By this technique, Gibble said, "You can cool a gas of atoms to within one one-millionth of a degree of absolute zero — and you can do it in a thousandth of a second. In that fraction, "the atoms go from the speed of a jet airplane to the speed of an ant."
Clock-makers have learned to lengthen observations even more by configuring their instruments vertically, as atomic "fountains." In a fountain set-up, target atoms are cooled and collected at the bottom of the vacuum chamber by a set of six lasers placed opposite each other and aimed toward the center. Then a small change in frequency sends the huddle of atoms up through a microwave trap, where they undergo the tell-tale transition. All the lasers are then switched off, and the atoms fall back down through the trap.

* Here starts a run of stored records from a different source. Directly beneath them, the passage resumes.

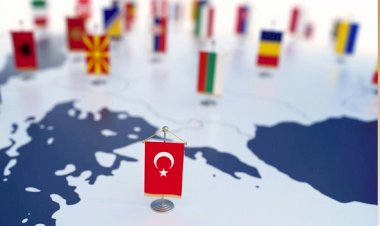 Türk birliğine giden yolda iki dergi
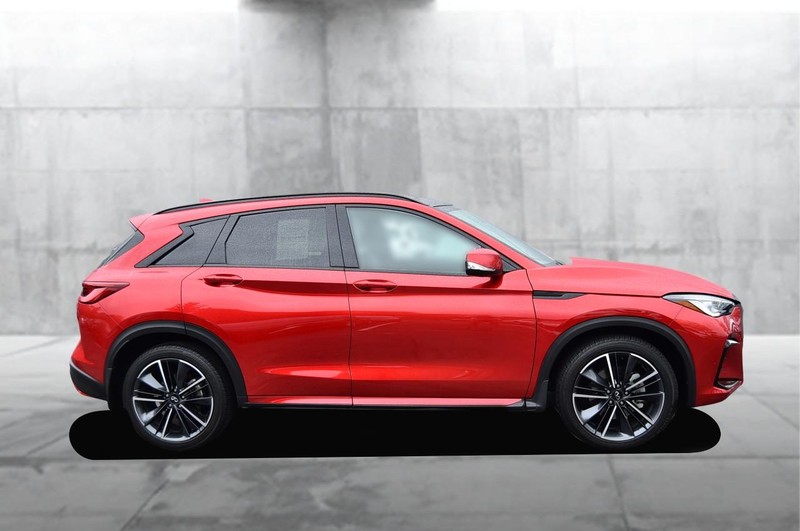 INFINITI QX50 Vehicle Image 05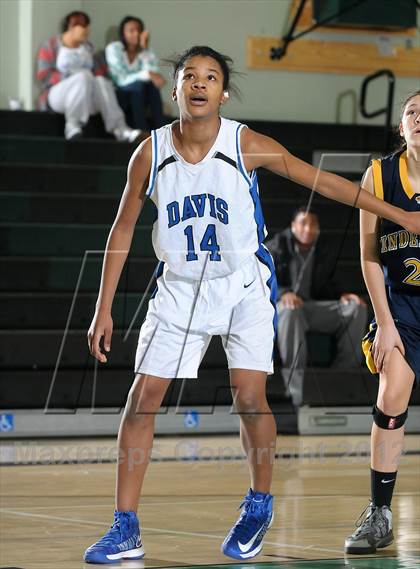 Thumbnail 2 in Inderkum vs. Davis (Ram Jam Winter Classic) photogallery.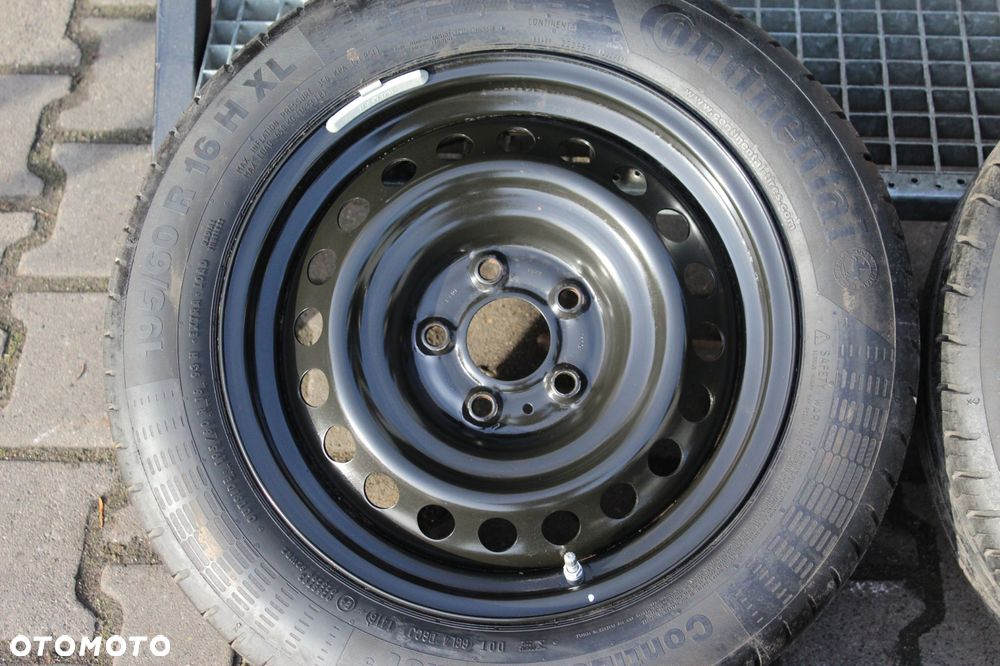 oryg nissan 16cali 5x114,3 et40 6,5j qashqai juke - 1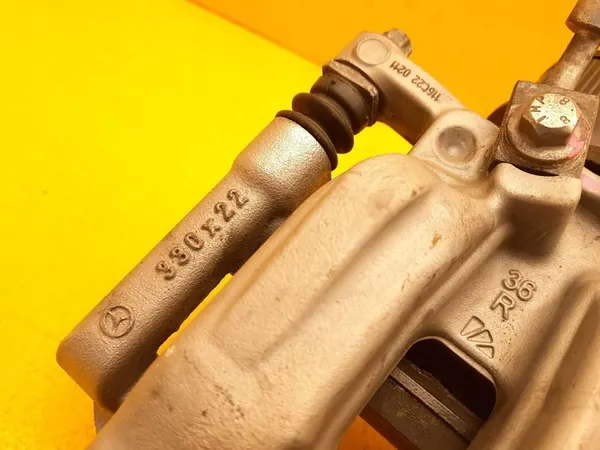 Mercedes-Benz GLB x247 A35 AMG Jarrusatula Takana Oikea A2474230400 image 4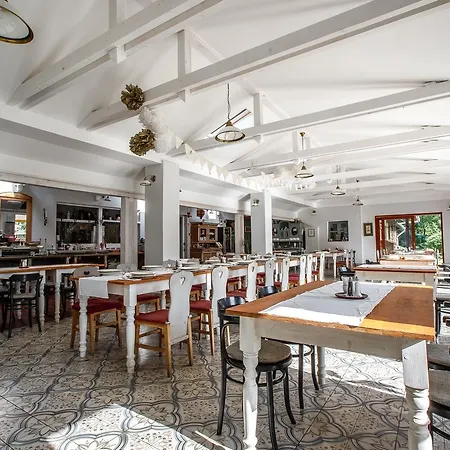 Nomad & Glamping Hotel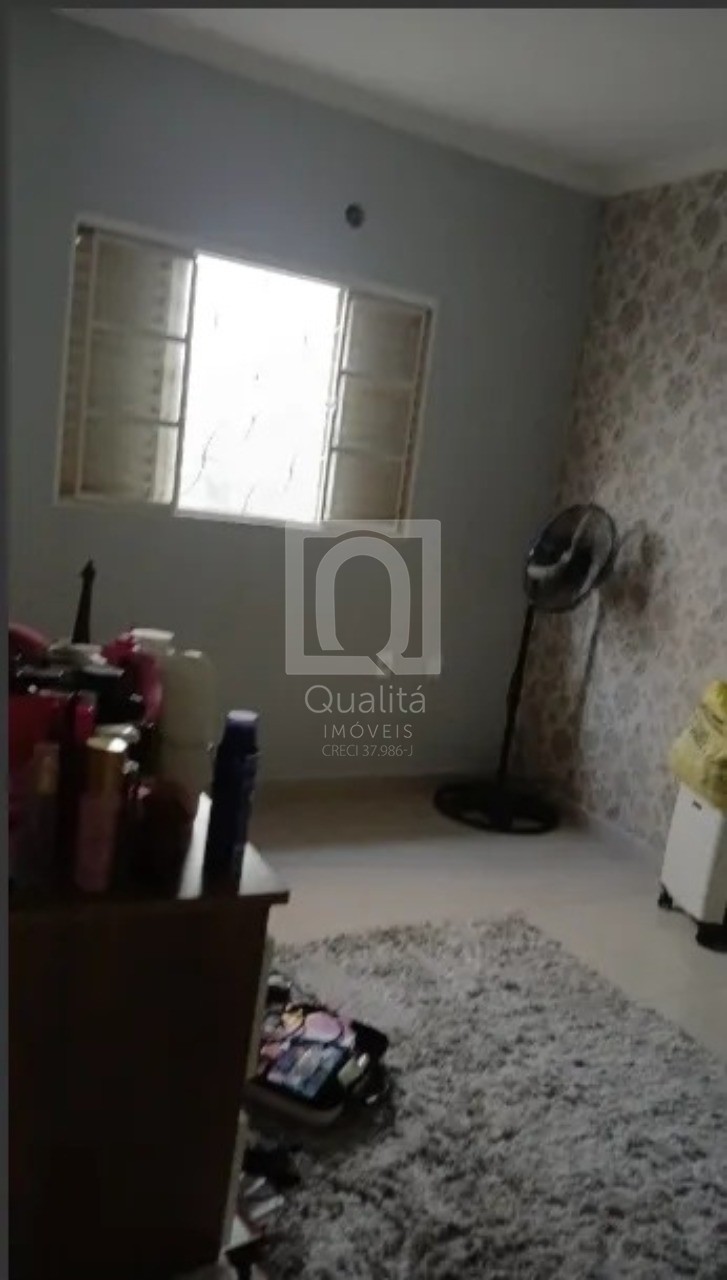 Casa à venda com 2 quartos, 150m² - Foto 4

"It looks like a water fountain," Gibble said, and — by making use of gravity — it doubles the available observation time. "You get about a half second on the way up, and another half second on the way down. With a full second to look at the atoms, you can make a very accurate clock."
But cooling atoms to near absolute zero also creates some distracting quantum effects. At very low temperatures, he noted, atoms look more like waves than they do particles. "They get bigger, and when they're bigger, they're more likely to collide — and every time there's a collision it gives your pendulum a little kick."
To Infinity and Beyond
To get around this problem, Gibble and his graduate student Chad Fertig designed and built a clock that substitutes rubidium atoms for the standard cesium. They showed that "rubidium atoms don't collide as often," Gibble explained, "and their collisions don't have as great an effect." This work has led other groups around the world to build similar clocks based on rubidium.
One of these clocks, built by French researchers, is currently the world's most accurate clock. Rubidium clocks now under construction at the U. S. Naval Observatory will soon be the basis for Earth's Global Positioning System.
In the future, Gibble added, rubidium-based clocks could be capable of an accuracy that is difficult to imagine: within five seconds over the entire life of the universe. "Better clocks," he said, will have potential impacts in many areas, from advanced communication systems, to navigation, and to better tests of the theory of general relativity. For interplanetary navigation -landing on Mars, for example - clocks of unprecedented accuracy will be essential.
That's why Gibble, with colleagues at NASA's Jet Propulsion Laboratory, has been working on a rubidium clock that is deployable in space. By removing the limiting factor on an Earth-bound atomic fountain - gravity -a space-based clock will yield much longer observation times, up to ten seconds, Gibble said.
In addition, he said, he and his clock-making colleagues are working on other approaches: fine-tuning laser cooling techniques to allow time-lapse "juggling" of atoms in atomic fountains; and using ultra-short pulse lasers that allow researchers to count very high tick rates, the ticks of laser light. Fundamentally, he said, there's no end to the possible improvements:
"There's no known limitation to how accurately we can measure time."